*Data supplied*:
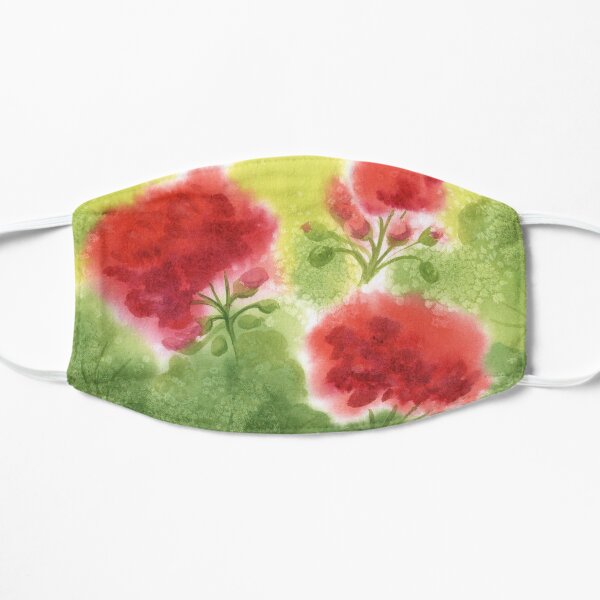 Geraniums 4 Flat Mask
--
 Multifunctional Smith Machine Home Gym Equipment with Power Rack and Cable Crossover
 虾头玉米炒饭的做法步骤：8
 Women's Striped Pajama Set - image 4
---
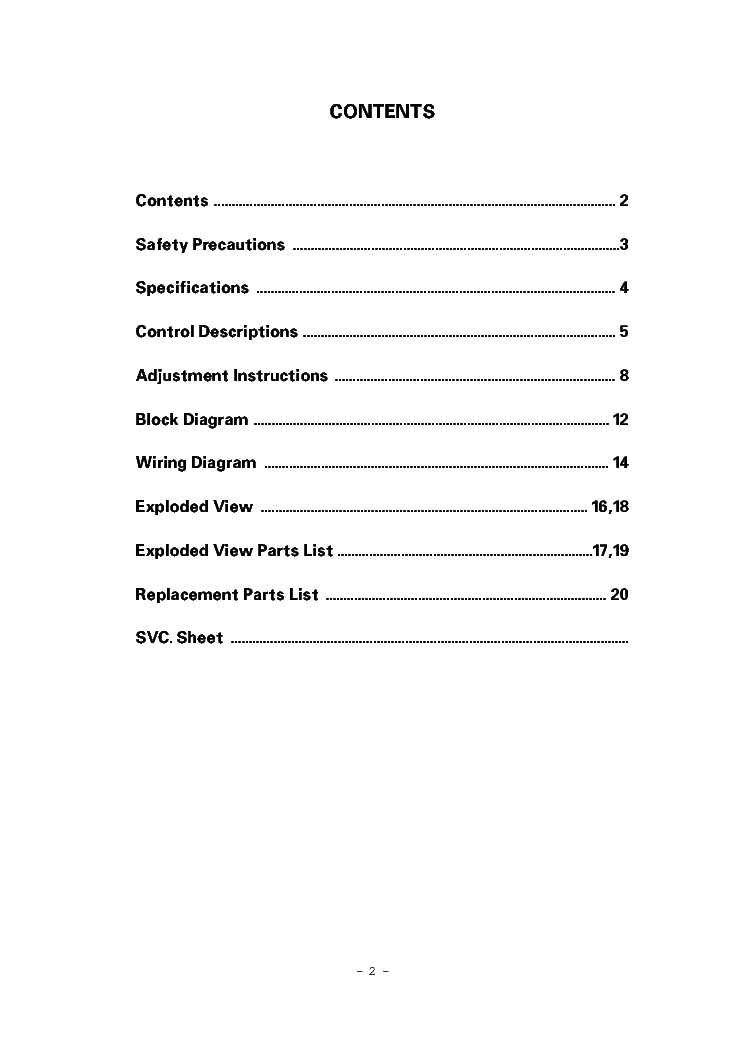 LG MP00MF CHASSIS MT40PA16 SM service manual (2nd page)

*Prompt*: Please copy the lines in the records above between the one holding "虾头玉米炒饭的做法步骤：8" and the one holding "Women's Striped Pajama Set - image 4", inclusive, exactly and with no other line.

*Result of this task*:
 虾头玉米炒饭的做法步骤：8
 Women's Striped Pajama Set - image 4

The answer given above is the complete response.